WORK INSTRUCTION: In the material below, begin at the line that has "Hyd Oyuncak 10'lu", stop after the line that has "Medieval Military Soldiers", and transcribe those lines exactly, without pictures.

DATA SUPPLIED:
--- START ---
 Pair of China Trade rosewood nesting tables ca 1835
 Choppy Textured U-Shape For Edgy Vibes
--- END ---
--- START ---
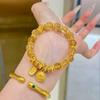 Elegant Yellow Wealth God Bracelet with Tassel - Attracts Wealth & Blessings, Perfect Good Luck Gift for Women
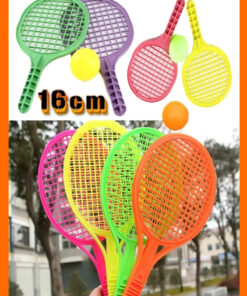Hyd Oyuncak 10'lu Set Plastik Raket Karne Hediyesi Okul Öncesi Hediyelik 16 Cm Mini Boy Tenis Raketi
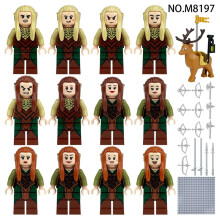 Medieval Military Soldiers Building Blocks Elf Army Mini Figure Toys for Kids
--- END ---
TASK ANSWER:
Hyd Oyuncak 10'lu Set Plastik Raket Karne Hediyesi Okul Öncesi Hediyelik 16 Cm Mini Boy Tenis Raketi
 Medieval Military Soldiers Building Blocks Elf Army Mini Figure Toys for Kids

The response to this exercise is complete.